5. The PBD-based spatial arbitrary angle cuttable fabric simulation method according to claim 4, wherein S301-2 adjusts the positions of the particles and the rigid body according to the accelerations of the particles and the rigid body, freezes the positions of the adjusted particles and the rigid body, and zeroes the energy generated by the external force of the particles and the rigid body; comprising the following steps:

when the calculated speed of the rigid body is greater than a preset threshold value, the rigid body directly passes through the collision range of the particles, and the die penetration is formed:

in the time of the next frame, carrying out position restoration on the molded particles;

and the position of the particle after the position repair is used as the position of the particle to be frozen.

6. The PBD-based space arbitrary angle cuttable fabric simulation method according to claim 1, wherein when the cutting action is that a certain portion of the fabric is completely cut, the S50 comprises:

generating a new cloth geometrical model according to the newly generated particles and the polygon;

dividing the new cloth geometric model once according to the intersecting position of the cutting planes in the cutting action, so that the new cloth geometric model is separated into two independent cloth geometric models;

two independent cloth geometry models, one of which represents the cloth of which a certain part is completely cut off and the other of which represents the cloth of the rest after cutting.

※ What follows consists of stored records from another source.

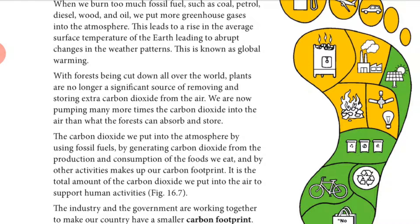If you take out the Oxford Science books of 2015 and 2016, you can see the percentage of carbon dioxide in air was 0.02%. Right now it is 0.04%.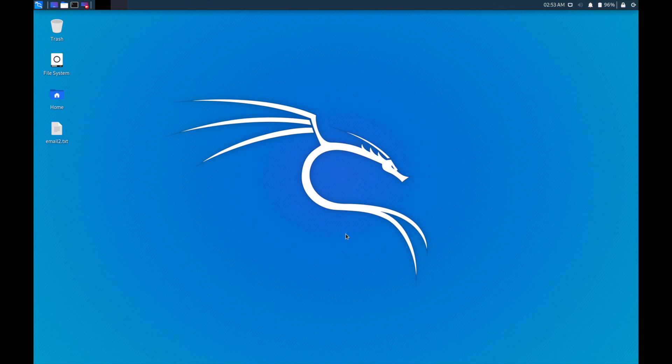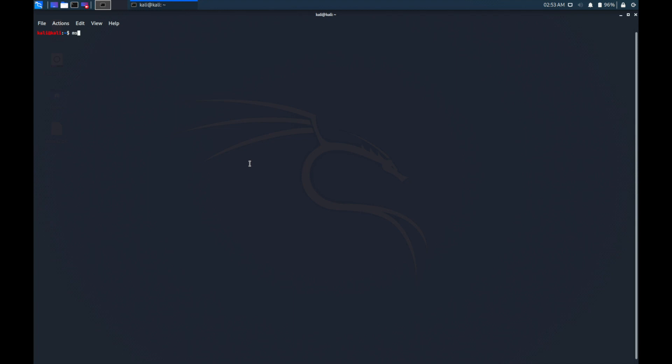So let's get started now. First, we have to open our terminal and then we need to type msf console to open our Metasploit Framework tools.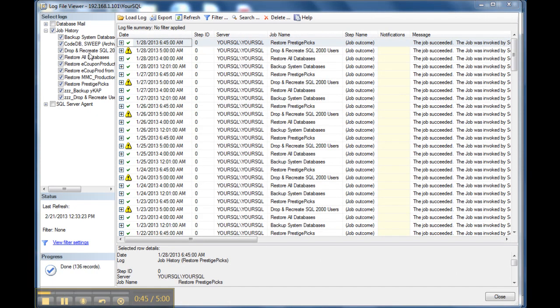If you've got a lot of jobs in there, or the amount of space that you've allocated for the log files is quite large, it'll take you a minute to populate this screen.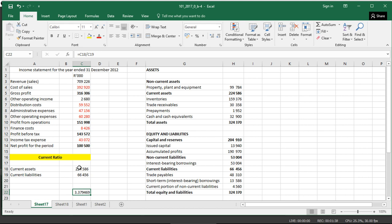This is a liquidity ratio, and that is one of the ratios that we calculate when we want to see the liquidity of the business. Now we can see that our current assets are able to pay our current liabilities 3.38 times, which is very good.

7. The PBD-based spatially arbitrary angle-cuttable fabric simulation method according to claim 2, wherein the S60 updating the fabric geometry model comprises:

s601, updating external force applied to all particles in parallel every frame, and updating current positions of all particles;

s602, updating the elastic force constraint of all particles in parallel every frame, and updating the current positions of all particles;

s603, updating collision information of all particles in parallel every frame, and updating current positions of all particles;

s604, judging whether the updating frequency is reached, if so, stopping updating and exiting, otherwise, continuing to execute the step S601.

8. The PBD-based spatially arbitrary angle cuttable fabric simulation method of claim 1, wherein in the fabric geometry model, the overall physical structure of the fabric is abstracted into a set of regularly arranged particles in space.

9. An electronic device, comprising:

a memory;

a processor; and

a computer program;

wherein the computer program is stored in the memory and configured to be executed by the processor to implement the method of any one of claims 1 to 8.

10. A computer readable storage device having a computer program stored thereon; the computer program being executed by a processor to implement the method of any one of claims 1 to 8.